Choosing to dry a bouquet of roses is easier than you may think. If you want to preserve a wedding bouquet of roses, a Valentine’s Day bouquet or even an arrangement from your rose garden, this chemical-free method will dry your roses beautifully.
- Skill level:
Things you need
- The bouquet
- Floral wire
- Hammer and nail
Prepare to dry your bouquet of roses. When you feel that your arrangement only has a few days left of vibrant blooms before wilting sets in, you will need to prepare them for drying .
Making a place for your dried bouquet is the next step. In a dim room, you will need to hammer a long nail into the wall. Your bouquet will hang from the nail and dry. Put the nail in a spot where there is ample space so the bouquet has room and won’t be flattened.
Remove your bouquet of roses from their vase of water while the blooms are still robust. With one hand, carefully hold the bouquet just under the heads of the flowers, and towel dry the stems.
Holding the bouquet, carefully twist floral wire around the stems to hold the bouquet together. The stems need to be secured, since they will shrink as they dry.

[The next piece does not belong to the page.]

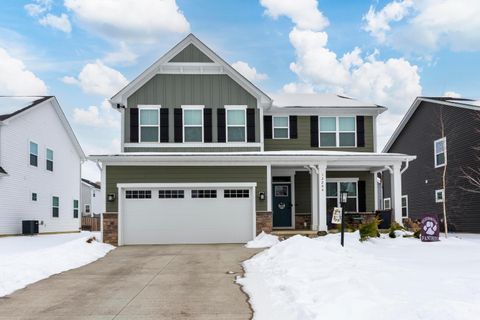 Photo of 12204 Taylors Way, Pickerington, OH 43147 (MLS # 226003557)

Gently invert the bouquet so the blooms are facing the floor and the stems are facing the ceiling. This will help the blooms stay full and round while drying.

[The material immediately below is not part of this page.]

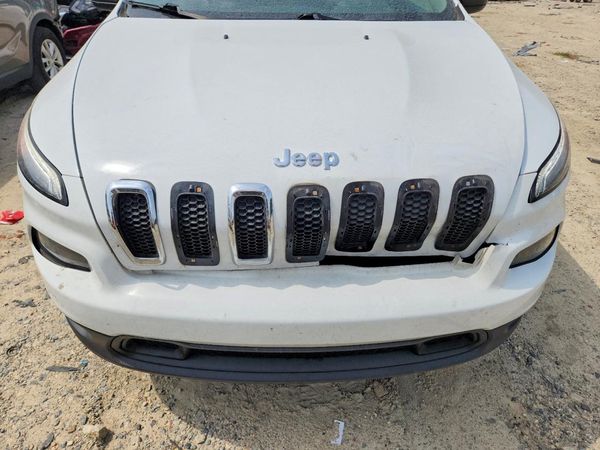 2015 JEEP CHEROKEE Sport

Use a second piece of floral wire to make a loop hanger. Thread it through the floral wire securing the stems and make a loop on the exposed end.
Take the bouquet of roses to the room where you will dry them and allow them to hang inverted from the nail. Depending on the humidity in your home, it will take a few weeks for the bouquet of roses to completely dry. By hanging them upside down, the blooms will retain their original shape.

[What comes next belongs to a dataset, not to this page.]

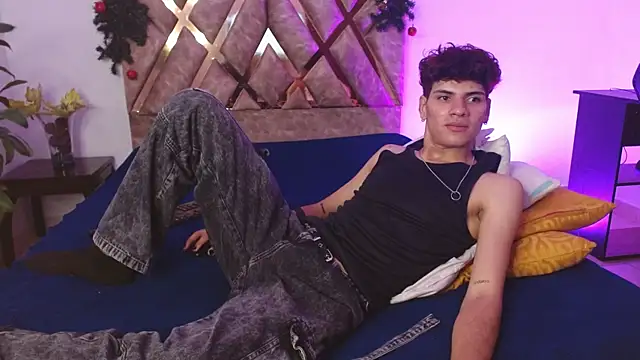 Themilow online show from 30, 12, 2024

Remove the bouquet of roses once the bouquet it fully dry. Remove the hanging loop and place the bouquet in a dry vase or shadow box for display.
Tips and warnings
- Your dried bouquet of roses will be fragile. When transporting the dried bouquet, be very careful.
- Keep the bouquet of roses away from pets while it is drying. The natural smell may entice them to sniff your project, causing some blooms to be damaged.